#### Raw data

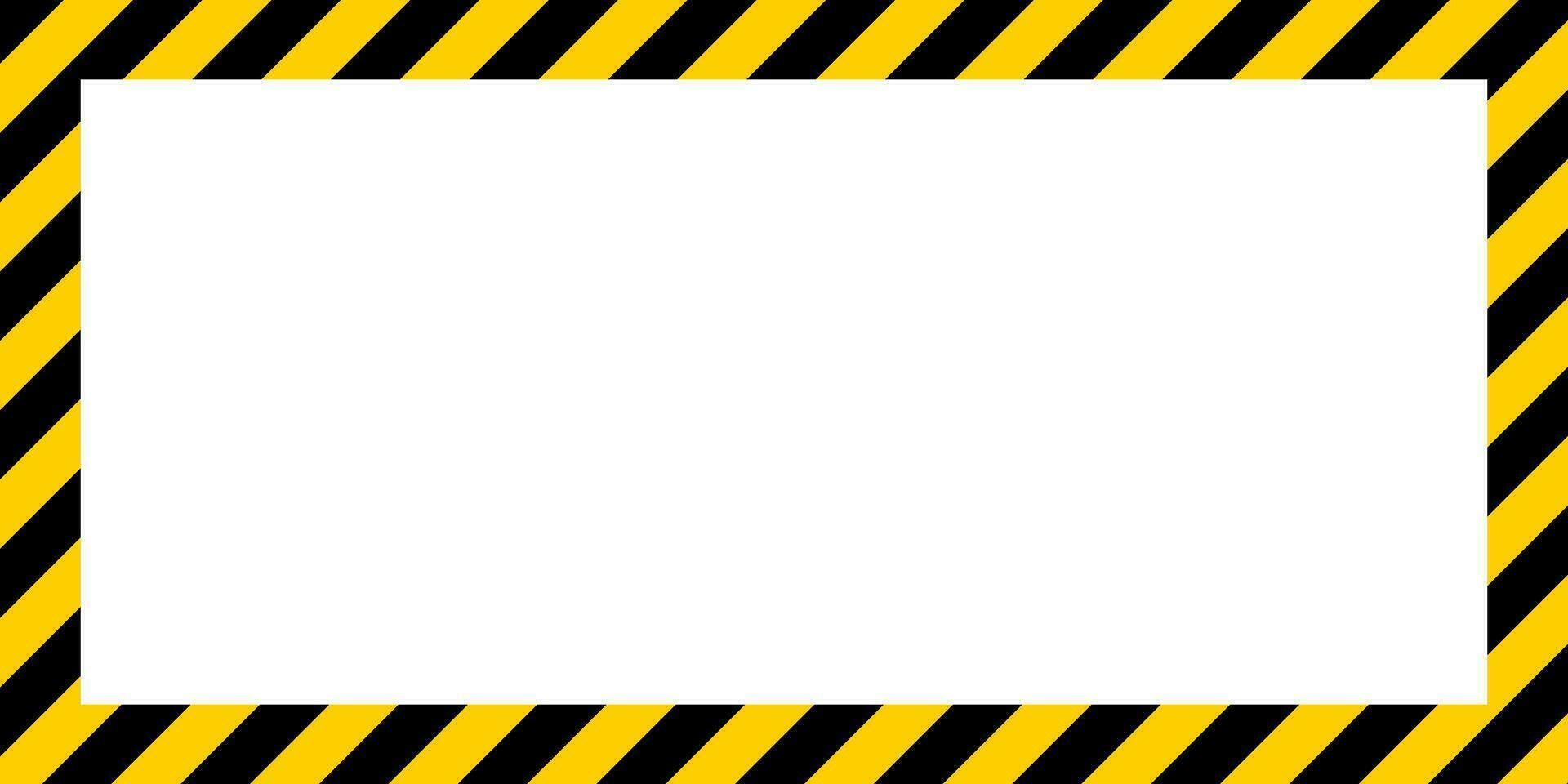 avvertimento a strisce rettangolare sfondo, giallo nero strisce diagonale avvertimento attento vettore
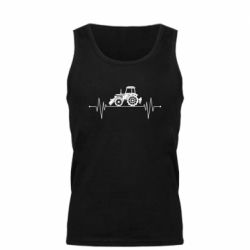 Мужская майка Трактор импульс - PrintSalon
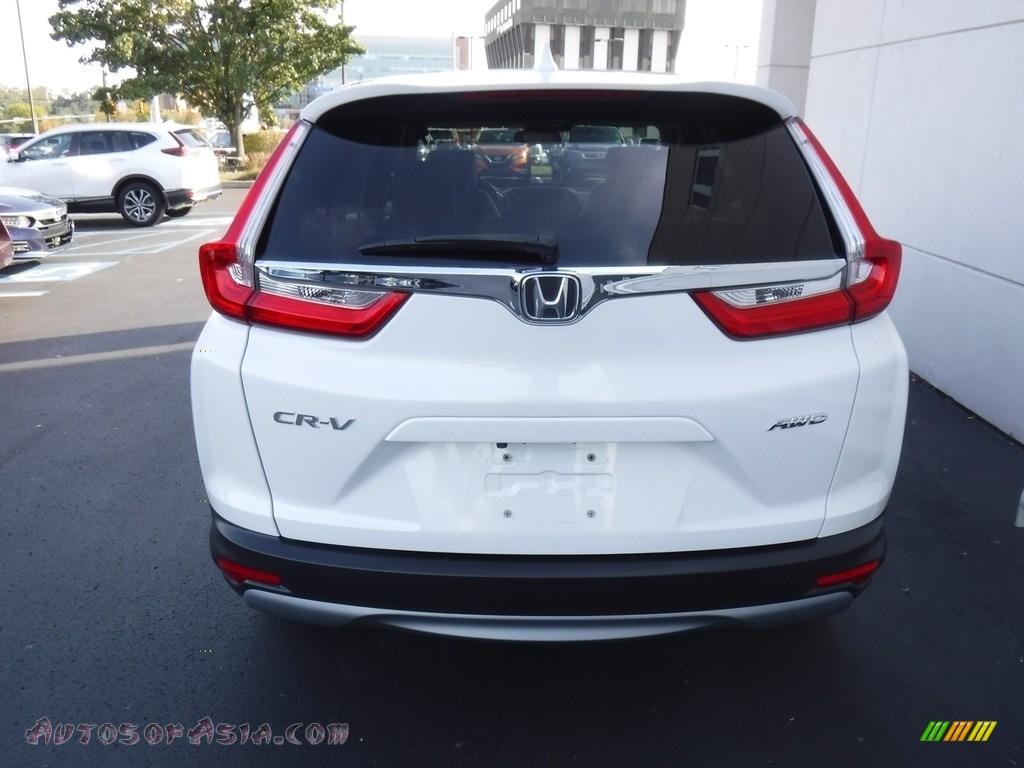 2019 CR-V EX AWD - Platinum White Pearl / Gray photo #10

########

With the pictures left out, return the listing above exactly as it stands.

> _Solution for this task_:
 avvertimento a strisce rettangolare sfondo, giallo nero strisce diagonale avvertimento attento vettore
 Мужская майка Трактор импульс - PrintSalon
 2019 CR-V EX AWD - Platinum White Pearl / Gray photo #10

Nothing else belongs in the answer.